##### MATERIAL TO PROCESS #####
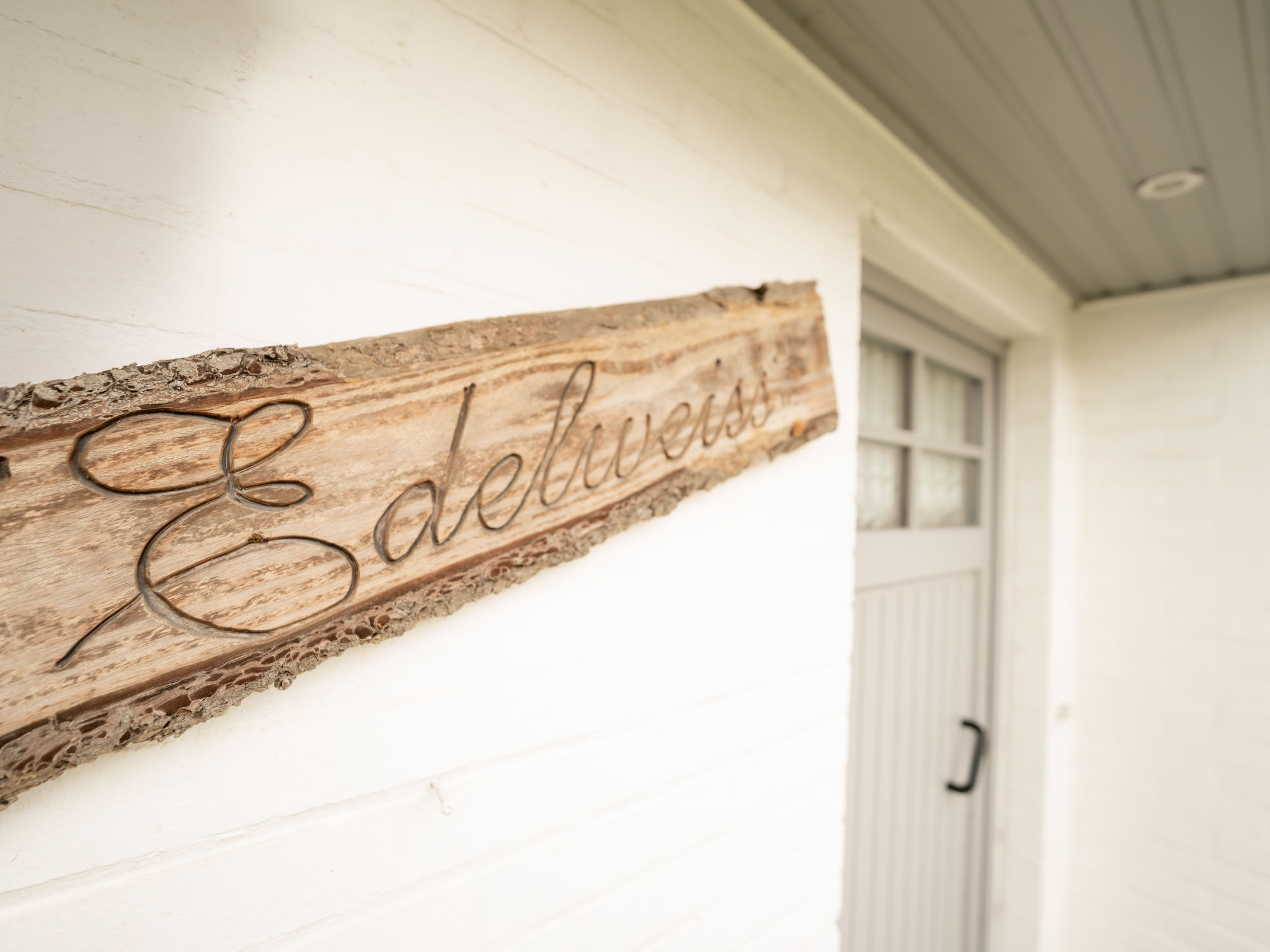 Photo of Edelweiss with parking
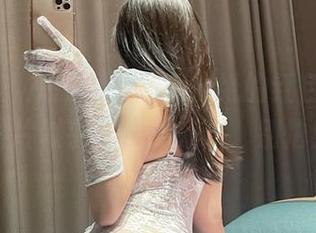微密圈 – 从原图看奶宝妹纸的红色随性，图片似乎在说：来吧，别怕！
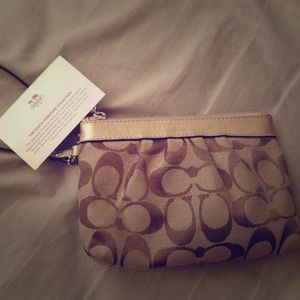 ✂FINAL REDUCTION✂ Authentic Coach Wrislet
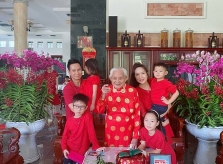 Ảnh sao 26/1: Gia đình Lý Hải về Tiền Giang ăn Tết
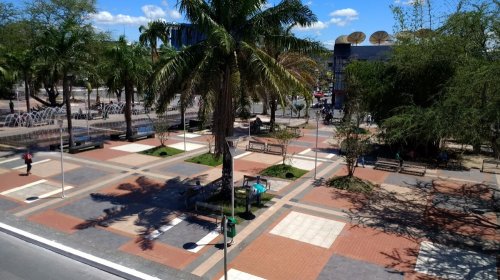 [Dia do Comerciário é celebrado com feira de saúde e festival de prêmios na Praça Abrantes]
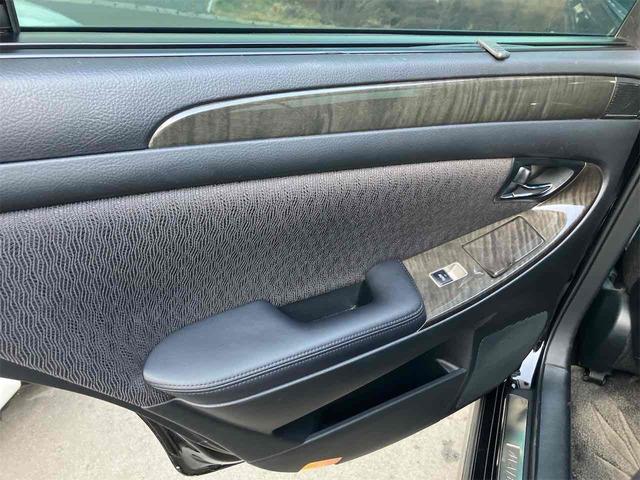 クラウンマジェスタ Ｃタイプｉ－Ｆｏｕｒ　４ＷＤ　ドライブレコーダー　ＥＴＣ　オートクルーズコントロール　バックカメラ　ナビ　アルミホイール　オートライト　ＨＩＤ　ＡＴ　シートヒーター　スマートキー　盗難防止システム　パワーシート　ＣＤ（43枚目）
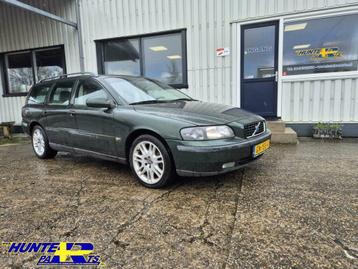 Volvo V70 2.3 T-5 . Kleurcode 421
#####
##### MATERIAL TO PROCESS #####
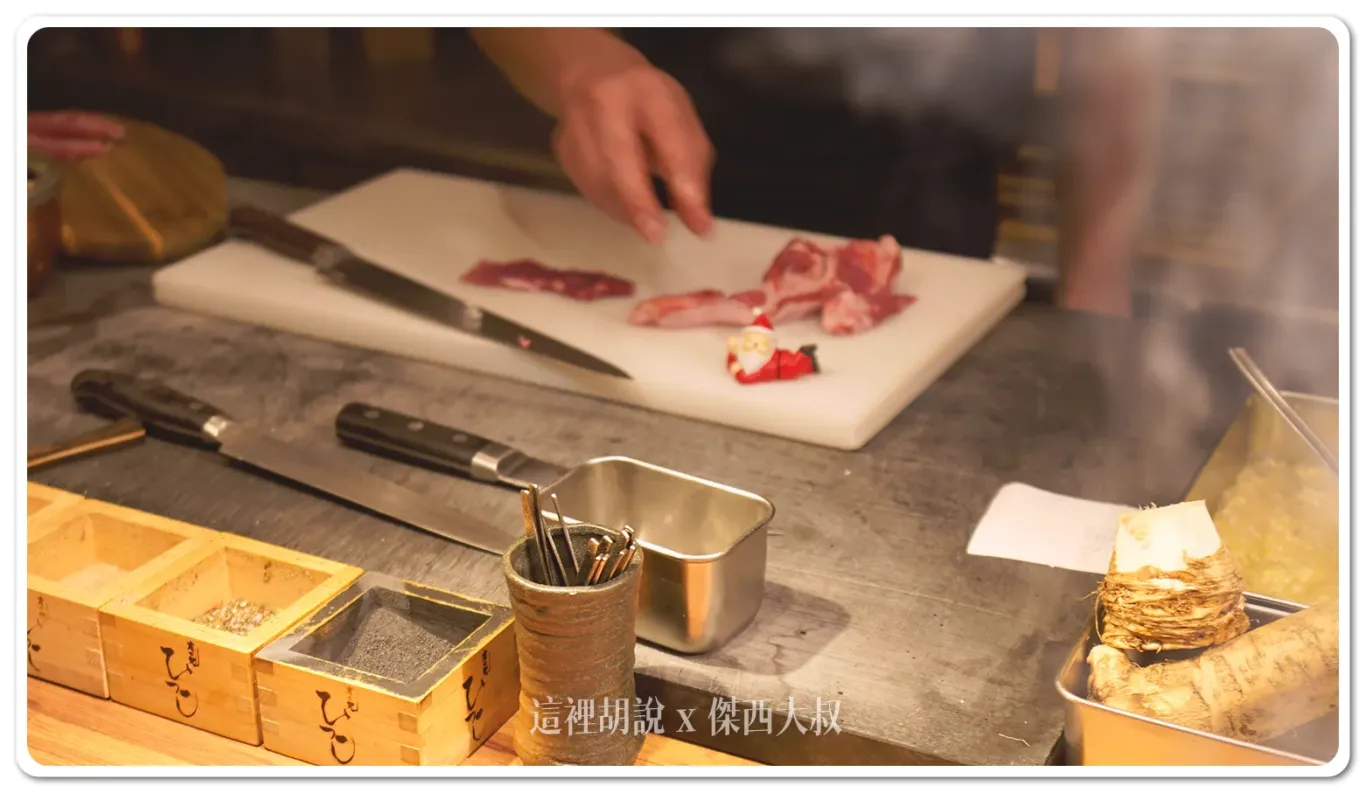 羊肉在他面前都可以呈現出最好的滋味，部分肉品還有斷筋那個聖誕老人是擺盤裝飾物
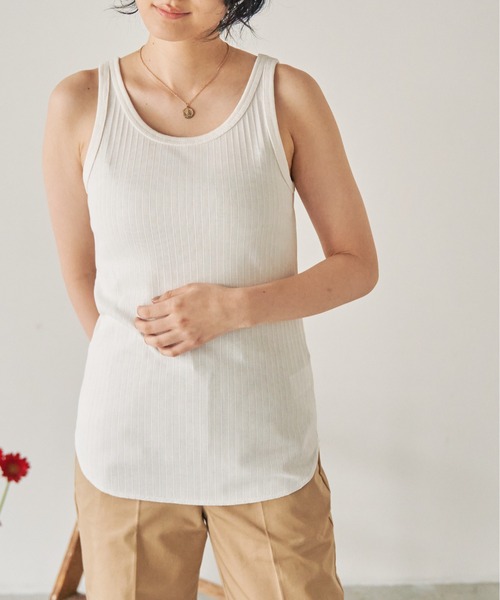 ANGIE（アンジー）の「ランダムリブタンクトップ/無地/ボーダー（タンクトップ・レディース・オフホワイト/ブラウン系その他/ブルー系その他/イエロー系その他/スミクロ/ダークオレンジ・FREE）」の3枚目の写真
#####
##### MATERIAL TO PROCESS #####
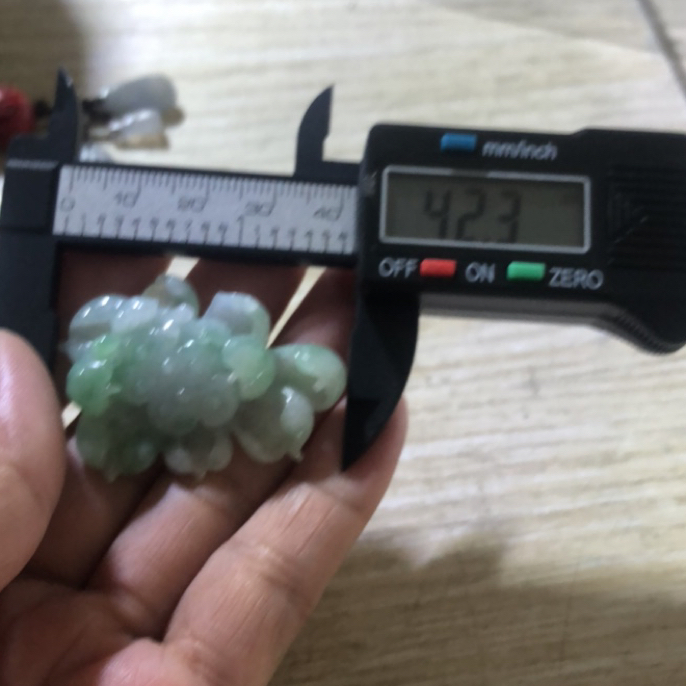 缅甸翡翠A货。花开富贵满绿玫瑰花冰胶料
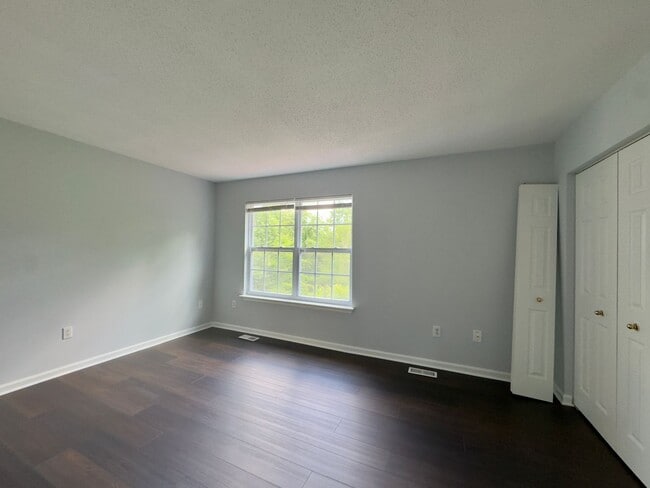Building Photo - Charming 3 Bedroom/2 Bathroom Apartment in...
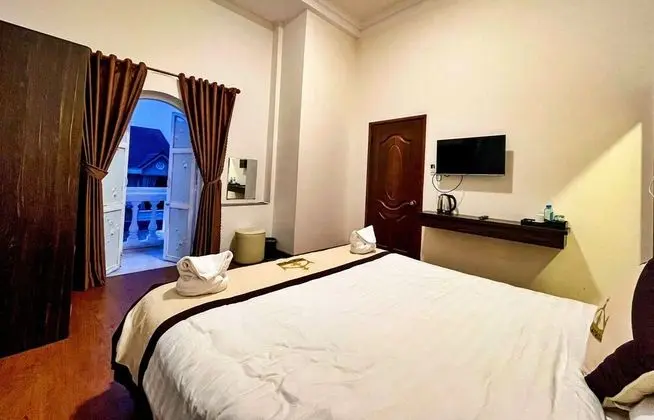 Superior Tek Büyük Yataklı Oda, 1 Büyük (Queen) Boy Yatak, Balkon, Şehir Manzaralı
#####
TASK PROMPT:
Write back the stretch of lines above that begins with the line holding "Ảnh sao 26/1: Gia" and ends with the line holding "[Dia do Comerciário", both included, exactly as written. Pictures stay out.

OUTPUT OF THE TASK:
 Ảnh sao 26/1: Gia đình Lý Hải về Tiền Giang ăn Tết
 [Dia do Comerciário é celebrado com feira de saúde e festival de prêmios na Praça Abrantes]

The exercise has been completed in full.